Aim of the task:
Please output each entry exactly as it appears.

Records provided:
###

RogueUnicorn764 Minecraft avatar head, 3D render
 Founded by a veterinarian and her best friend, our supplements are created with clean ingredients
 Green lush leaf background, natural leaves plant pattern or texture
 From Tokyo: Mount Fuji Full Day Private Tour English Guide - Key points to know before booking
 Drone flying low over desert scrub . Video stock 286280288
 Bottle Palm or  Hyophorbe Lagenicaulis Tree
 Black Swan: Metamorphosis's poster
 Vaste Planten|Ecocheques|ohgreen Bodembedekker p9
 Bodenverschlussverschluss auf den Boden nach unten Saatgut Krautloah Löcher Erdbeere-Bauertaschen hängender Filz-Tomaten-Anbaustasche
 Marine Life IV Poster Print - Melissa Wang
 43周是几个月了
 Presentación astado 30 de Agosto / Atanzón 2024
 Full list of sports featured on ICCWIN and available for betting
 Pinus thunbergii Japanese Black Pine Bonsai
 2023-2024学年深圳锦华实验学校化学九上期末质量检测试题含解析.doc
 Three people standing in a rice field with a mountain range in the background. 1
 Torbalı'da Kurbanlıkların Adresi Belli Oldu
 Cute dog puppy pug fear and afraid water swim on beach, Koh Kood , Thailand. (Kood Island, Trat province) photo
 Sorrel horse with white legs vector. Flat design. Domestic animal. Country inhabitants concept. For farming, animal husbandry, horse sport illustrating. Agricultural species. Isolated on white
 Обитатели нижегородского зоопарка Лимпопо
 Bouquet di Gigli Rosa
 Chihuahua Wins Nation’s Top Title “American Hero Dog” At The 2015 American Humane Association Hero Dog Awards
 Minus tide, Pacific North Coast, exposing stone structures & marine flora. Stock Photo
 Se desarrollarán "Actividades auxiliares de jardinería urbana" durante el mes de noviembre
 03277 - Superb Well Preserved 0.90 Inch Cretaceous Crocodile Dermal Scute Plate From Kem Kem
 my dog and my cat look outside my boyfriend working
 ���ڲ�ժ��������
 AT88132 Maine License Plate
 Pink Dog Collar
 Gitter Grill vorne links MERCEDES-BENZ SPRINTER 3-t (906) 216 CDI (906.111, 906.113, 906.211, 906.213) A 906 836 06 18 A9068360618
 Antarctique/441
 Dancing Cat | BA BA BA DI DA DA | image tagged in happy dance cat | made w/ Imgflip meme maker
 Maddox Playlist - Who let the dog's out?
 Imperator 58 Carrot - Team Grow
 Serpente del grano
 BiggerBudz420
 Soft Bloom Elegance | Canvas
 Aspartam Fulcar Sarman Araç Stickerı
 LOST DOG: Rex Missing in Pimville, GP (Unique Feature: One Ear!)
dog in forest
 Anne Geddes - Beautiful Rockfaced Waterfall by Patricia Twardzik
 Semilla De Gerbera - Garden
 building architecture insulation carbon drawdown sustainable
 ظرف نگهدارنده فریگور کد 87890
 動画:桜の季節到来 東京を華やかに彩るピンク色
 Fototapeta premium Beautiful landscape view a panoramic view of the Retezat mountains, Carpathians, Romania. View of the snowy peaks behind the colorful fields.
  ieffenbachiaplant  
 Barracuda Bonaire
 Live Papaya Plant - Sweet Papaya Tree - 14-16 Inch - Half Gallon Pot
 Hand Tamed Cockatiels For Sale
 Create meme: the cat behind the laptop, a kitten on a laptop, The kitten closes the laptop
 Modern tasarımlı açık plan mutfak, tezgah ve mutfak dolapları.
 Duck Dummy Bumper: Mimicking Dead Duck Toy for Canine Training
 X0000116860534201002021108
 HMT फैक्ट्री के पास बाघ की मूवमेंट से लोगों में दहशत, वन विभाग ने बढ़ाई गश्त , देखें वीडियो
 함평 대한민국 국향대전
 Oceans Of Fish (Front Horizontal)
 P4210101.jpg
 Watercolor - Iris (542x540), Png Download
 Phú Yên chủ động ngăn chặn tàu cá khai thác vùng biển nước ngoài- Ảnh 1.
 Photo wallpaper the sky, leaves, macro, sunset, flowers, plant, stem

###

Exercise response:
RogueUnicorn764 Minecraft avatar head, 3D render
 Founded by a veterinarian and her best friend, our supplements are created with clean ingredients
 Green lush leaf background, natural leaves plant pattern or texture
 From Tokyo: Mount Fuji Full Day Private Tour English Guide - Key points to know before booking
 Drone flying low over desert scrub . Video stock 286280288
 Bottle Palm or  Hyophorbe Lagenicaulis Tree
 Black Swan: Metamorphosis's poster
 Vaste Planten|Ecocheques|ohgreen Bodembedekker p9
 Bodenverschlussverschluss auf den Boden nach unten Saatgut Krautloah Löcher Erdbeere-Bauertaschen hängender Filz-Tomaten-Anbaustasche
 Marine Life IV Poster Print - Melissa Wang
 43周是几个月了
 Presentación astado 30 de Agosto / Atanzón 2024
 Full list of sports featured on ICCWIN and available for betting
 Pinus thunbergii Japanese Black Pine Bonsai
 2023-2024学年深圳锦华实验学校化学九上期末质量检测试题含解析.doc
 Three people standing in a rice field with a mountain range in the background. 1
 Torbalı'da Kurbanlıkların Adresi Belli Oldu
 Cute dog puppy pug fear and afraid water swim on beach, Koh Kood , Thailand. (Kood Island, Trat province) photo
 Sorrel horse with white legs vector. Flat design. Domestic animal. Country inhabitants concept. For farming, animal husbandry, horse sport illustrating. Agricultural species. Isolated on white
 Обитатели нижегородского зоопарка Лимпопо
 Bouquet di Gigli Rosa
 Chihuahua Wins Nation’s Top Title “American Hero Dog” At The 2015 American Humane Association Hero Dog Awards
 Minus tide, Pacific North Coast, exposing stone structures & marine flora. Stock Photo
 Se desarrollarán "Actividades auxiliares de jardinería urbana" durante el mes de noviembre
 03277 - Superb Well Preserved 0.90 Inch Cretaceous Crocodile Dermal Scute Plate From Kem Kem
 my dog and my cat look outside my boyfriend working
 ���ڲ�ժ��������
 AT88132 Maine License Plate
 Pink Dog Collar
 Gitter Grill vorne links MERCEDES-BENZ SPRINTER 3-t (906) 216 CDI (906.111, 906.113, 906.211, 906.213) A 906 836 06 18 A9068360618
 Antarctique/441
 Dancing Cat | BA BA BA DI DA DA | image tagged in happy dance cat | made w/ Imgflip meme maker
 Maddox Playlist - Who let the dog's out?
 Imperator 58 Carrot - Team Grow
 Serpente del grano
 BiggerBudz420
 Soft Bloom Elegance | Canvas
 Aspartam Fulcar Sarman Araç Stickerı
 LOST DOG: Rex Missing in Pimville, GP (Unique Feature: One Ear!)
dog in forest
 Anne Geddes - Beautiful Rockfaced Waterfall by Patricia Twardzik
 Semilla De Gerbera - Garden
 building architecture insulation carbon drawdown sustainable
 ظرف نگهدارنده فریگور کد 87890
 動画:桜の季節到来 東京を華やかに彩るピンク色
 Fototapeta premium Beautiful landscape view a panoramic view of the Retezat mountains, Carpathians, Romania. View of the snowy peaks behind the colorful fields.
  ieffenbachiaplant  
 Barracuda Bonaire
 Live Papaya Plant - Sweet Papaya Tree - 14-16 Inch - Half Gallon Pot
 Hand Tamed Cockatiels For Sale
 Create meme: the cat behind the laptop, a kitten on a laptop, The kitten closes the laptop
 Modern tasarımlı açık plan mutfak, tezgah ve mutfak dolapları.
 Duck Dummy Bumper: Mimicking Dead Duck Toy for Canine Training
 X0000116860534201002021108
 HMT फैक्ट्री के पास बाघ की मूवमेंट से लोगों में दहशत, वन विभाग ने बढ़ाई गश्त , देखें वीडियो
 함평 대한민국 국향대전
 Oceans Of Fish (Front Horizontal)
 P4210101.jpg
 Watercolor - Iris (542x540), Png Download
 Phú Yên chủ động ngăn chặn tàu cá khai thác vùng biển nước ngoài- Ảnh 1.
 Photo wallpaper the sky, leaves, macro, sunset, flowers, plant, stem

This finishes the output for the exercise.